Exercise
Your response is a verbatim copy of the listing, stripped of its images.

Available data
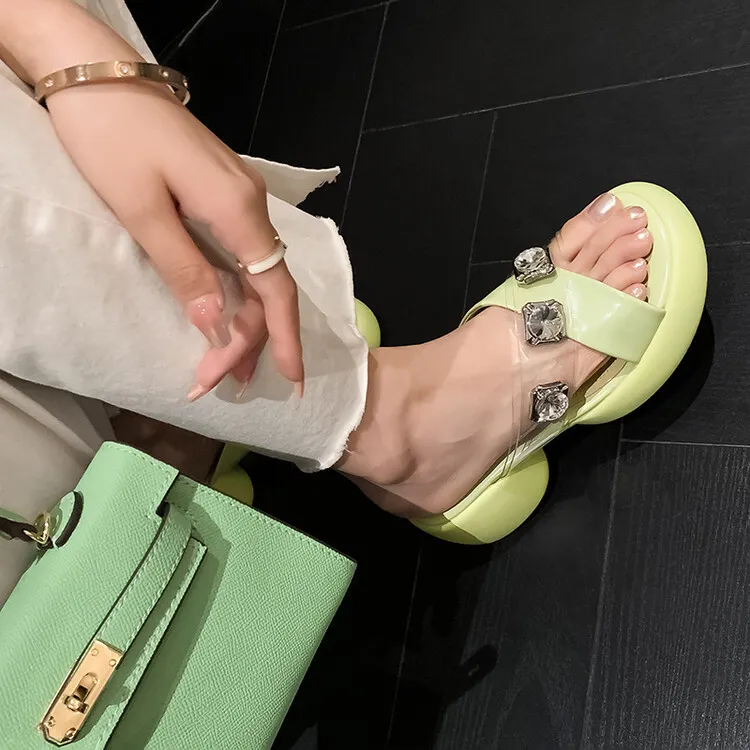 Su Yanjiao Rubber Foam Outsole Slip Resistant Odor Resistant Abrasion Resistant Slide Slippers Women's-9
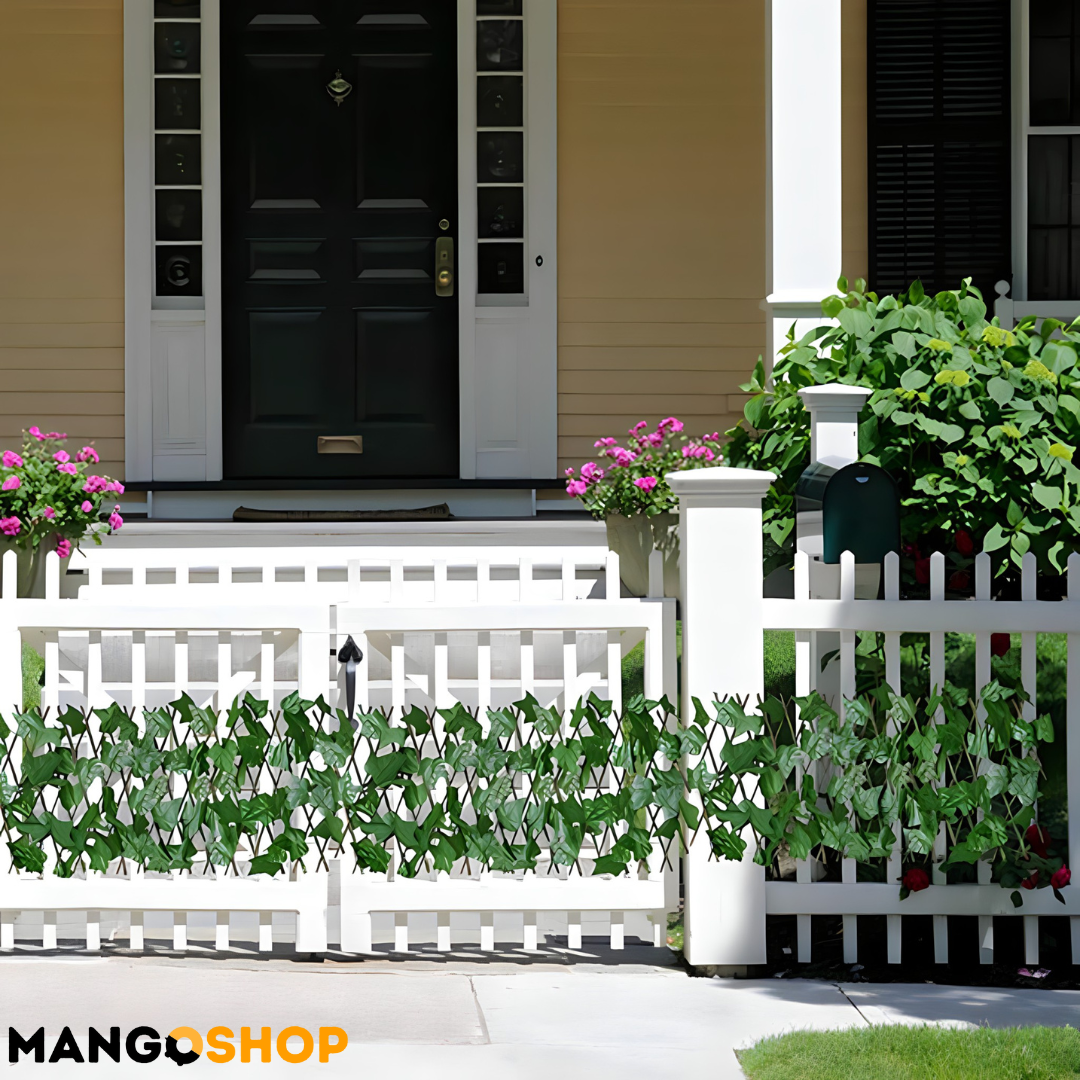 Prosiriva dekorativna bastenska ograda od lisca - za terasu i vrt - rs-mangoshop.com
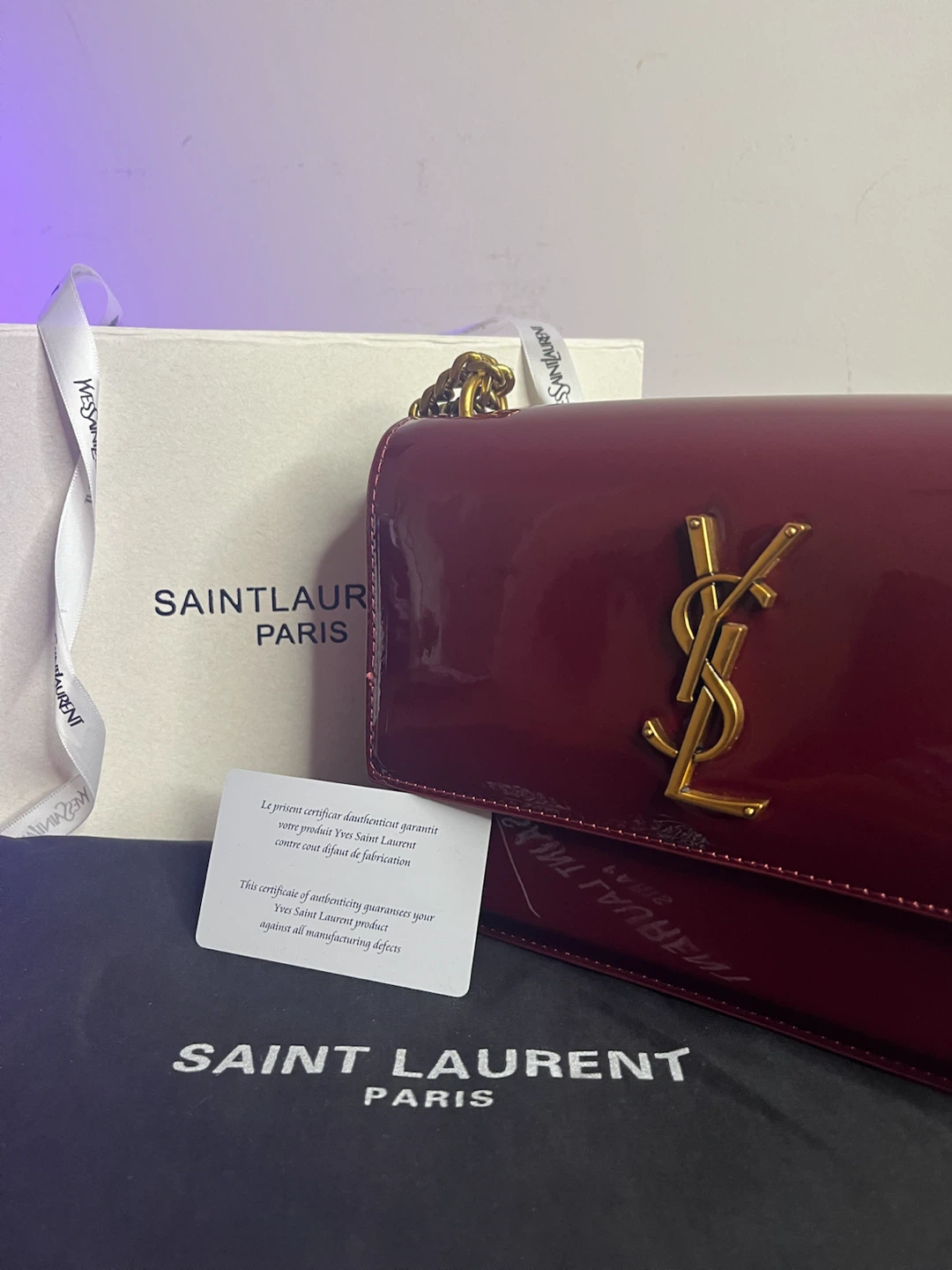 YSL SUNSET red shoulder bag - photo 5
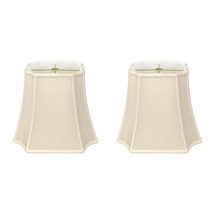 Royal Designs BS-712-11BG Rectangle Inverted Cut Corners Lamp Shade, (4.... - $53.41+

Result for this task
 Su Yanjiao Rubber Foam Outsole Slip Resistant Odor Resistant Abrasion Resistant Slide Slippers Women's-9
 Prosiriva dekorativna bastenska ograda od lisca - za terasu i vrt - rs-mangoshop.com
 YSL SUNSET red shoulder bag - photo 5
 Royal Designs BS-712-11BG Rectangle Inverted Cut Corners Lamp Shade, (4.... - $53.41+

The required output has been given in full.